Moussa’s discovery includes that the fruit pomace has strong anti-inflammatory properties, strengthening the chicken’s immune system, and potentially reducing the need for antibiotic use.
Cranberry pomace improves their growth and meat quality, while preventing birds from dying early.
Because the pomace that routinely used to be thrown out, now has the potential to be used in feed, an added benefit is that Canadian cranberry producers see less waste and more profits.
"The power of this food really amazed me", says Moussa. "It has so many things that are essential to nutrition. The effect on the immune response is incredible."
It also impressed the New York Academy of the Science of Nutrition and the Sackler Institute for Nutrition Science.
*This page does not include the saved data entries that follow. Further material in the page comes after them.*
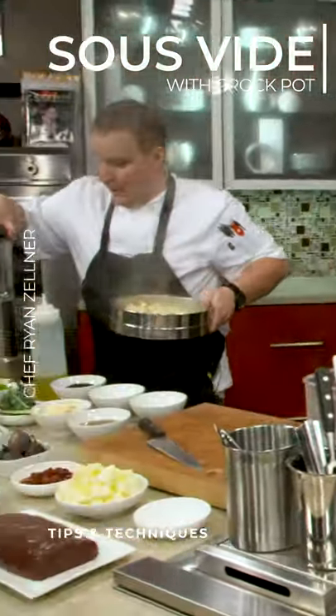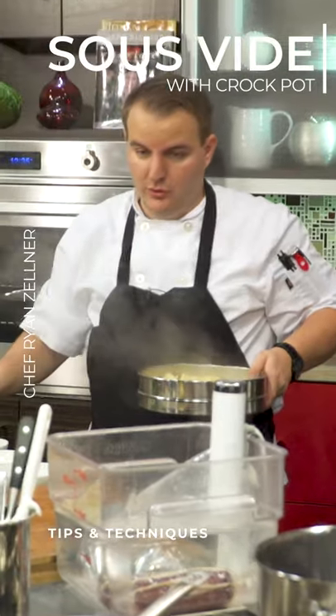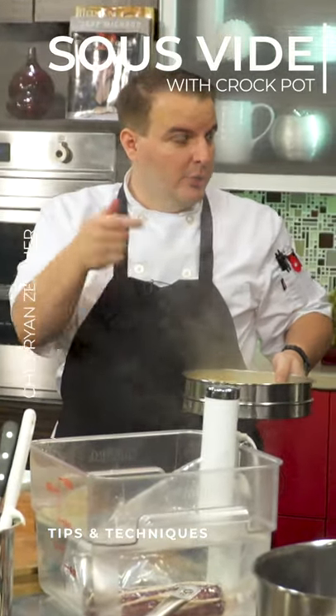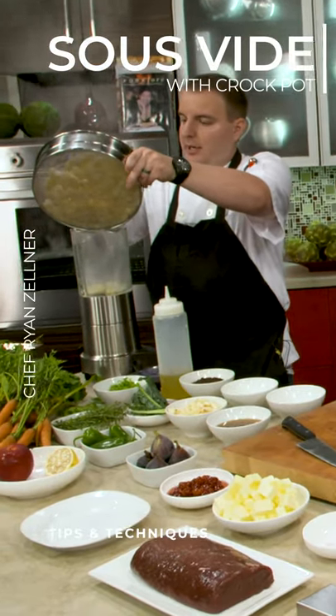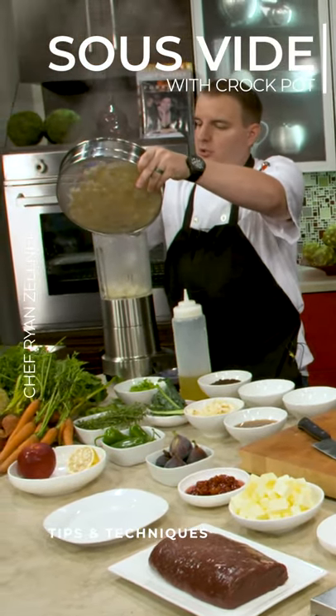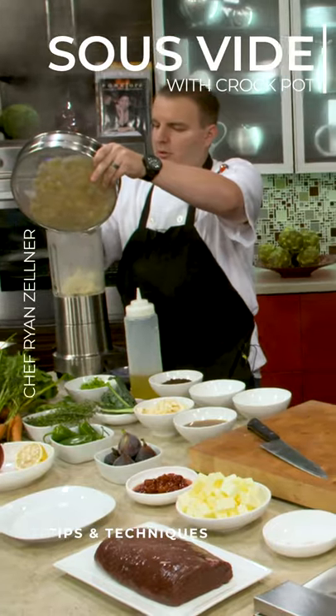And that's the way I started doing it at home. I didn't even have an immersion circulator. I just used a crock pot, filled it with water, put a thermometer in it, and used it that way. You just monitor the temperature — and that's all you gotta do. You're not gonna get the exact temperature that you want always, but you'll get close to it. You'll get what you want.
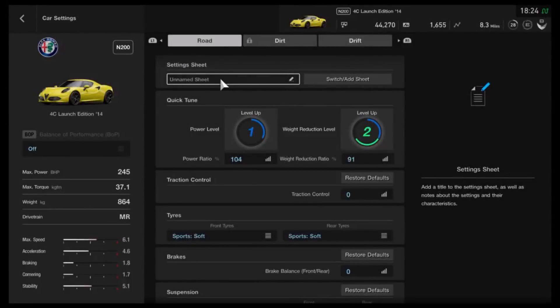Hi again guys and welcome to another circuit-based setup for Gran Turismo Sport. This time we're going right down to the second lowest class in the game, the N200 category. Now straight off the bat, as with all of my N-class tunes, this one can be repurposed if you want it to. You could take the power even lower or higher to take it to N300, N400, whatever you want. It's optimised for N200, but you can repurpose it.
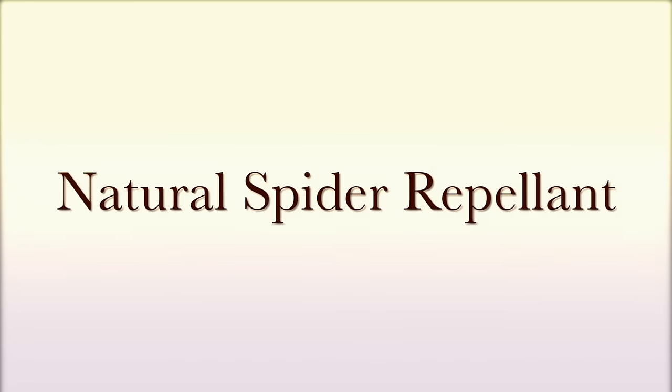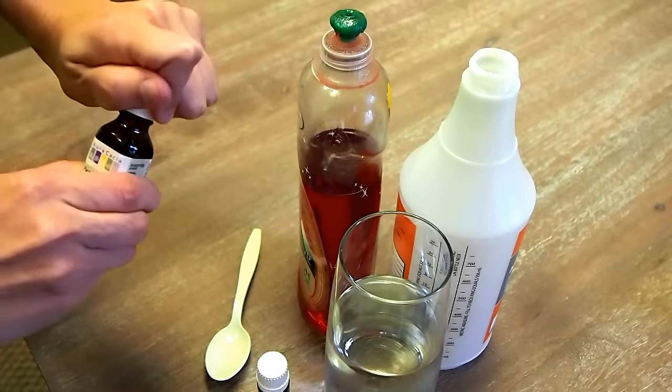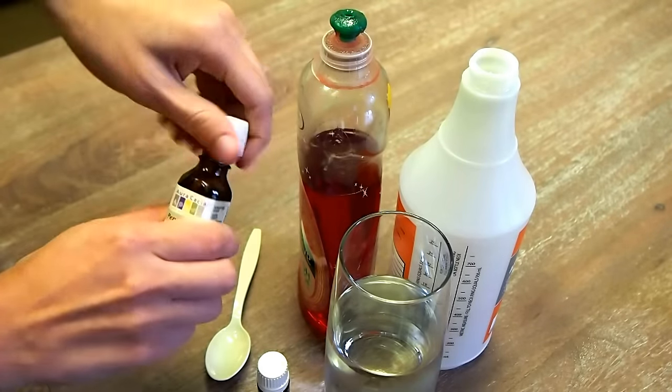Natural Spider Repellent. To make your own spider repellent, you will need an essential oil like lavender or peppermint, dish soap, water, and a spray bottle.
In 2016, they chose Moussa’s research as one of four areas that deserves more work and attention to develop alternatives to antibiotics.
A child is born
What is a Christmas story without a birth?
"Another miracle happened", says Moussa, breaking into a smile. "My daughter was born on December 24. Christmas has never been the same since! She insists on getting a birthday and a Christmas gift", he laughs.
Her name? "Nassira", he replies softly. "I had to name her after my grandmother to honour her because she taught me so much." And, ever since his daughter’s birth, Moussa’s family makes sure cranberries are always at their Christmas table.
No matter how you’re celebrating this holiday season, when you pass the cranberry sauce around the table, think of the brave, young boy who came all the way from Mali in Africa, his grandmother who taught him about the healing power of plants, and the inspirational holiday meal that led to his discovery.